For years, scientists have been trying to see which works better, the

anti-depressant or the placebo (a.k.a: sugar pill). After many studies and

prescriptions, sugar pills work just as well, if not better, than anti-

depressants do. Placebos help scientists realize if there is a difference

between really feeling better, or patients believing that they feel better.

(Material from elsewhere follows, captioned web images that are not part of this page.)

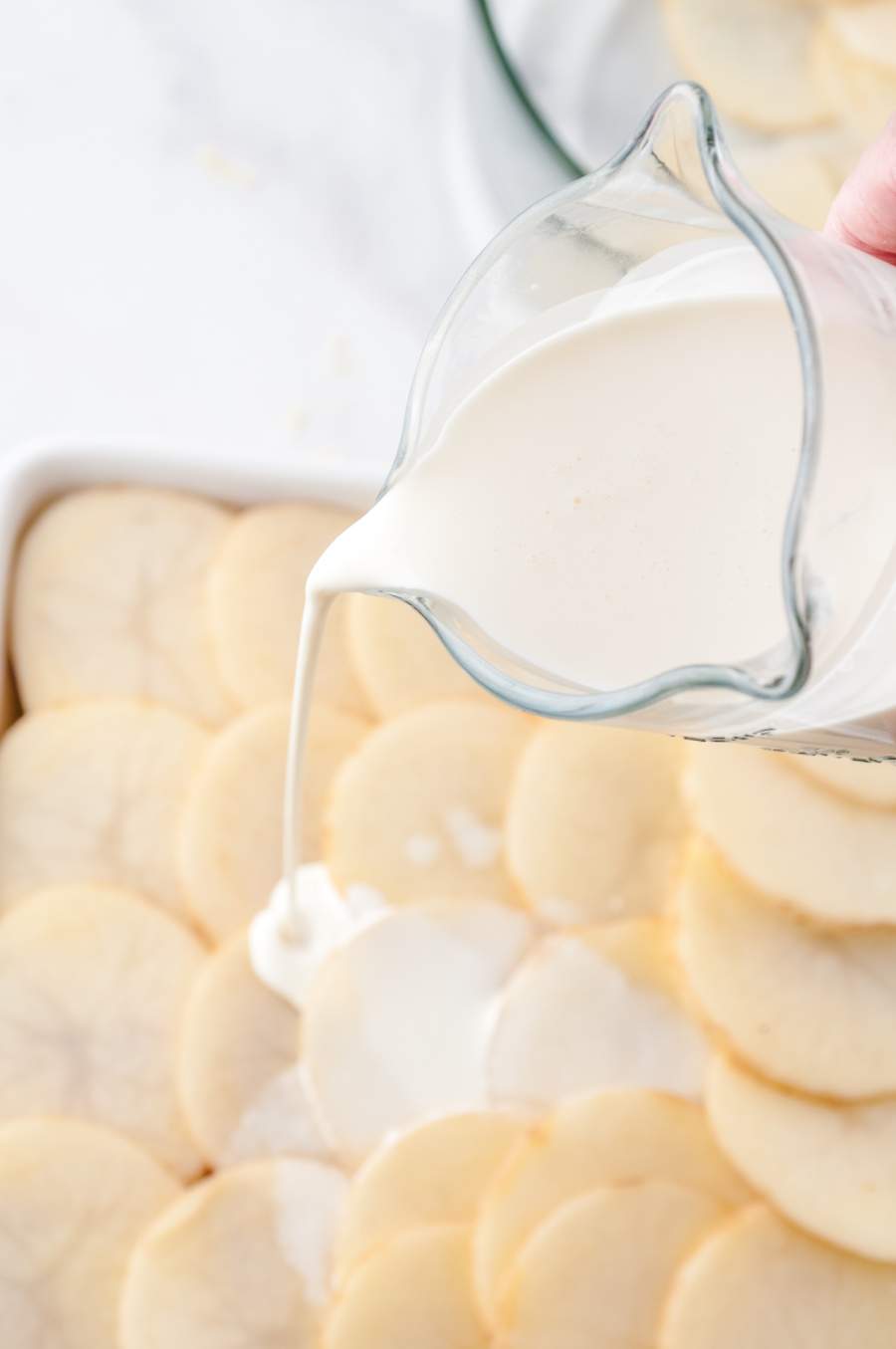 cream being poured over potato slices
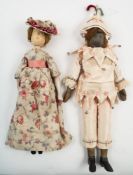 Two early 20th century large wooden Dutch type peg dolls:, both with applied wigs and painted faces,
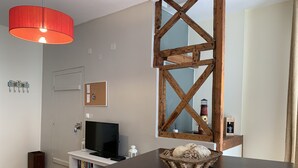 A modern living room with a dark wooden table, a red pendant light, a television, and a decorative basket. - FLH Bairro Alto Central Flat with Pateo (Lisboa ciudad)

Some doctors and psychiatrists disagree on why the sugar pills work;

some believe that they work because of psychotherapy. Others believe

that they only work because the patients believe that they will work.

In studies using St. John's wort, an herbal remedy for depression,

Zoloft, and the placebo, the results showed that the placebo cured the

most patients. Twenty-four percent of the patients taking the herbs were

cured, Zoloft cured twenty-five percent, and the placebo cured thirty-two.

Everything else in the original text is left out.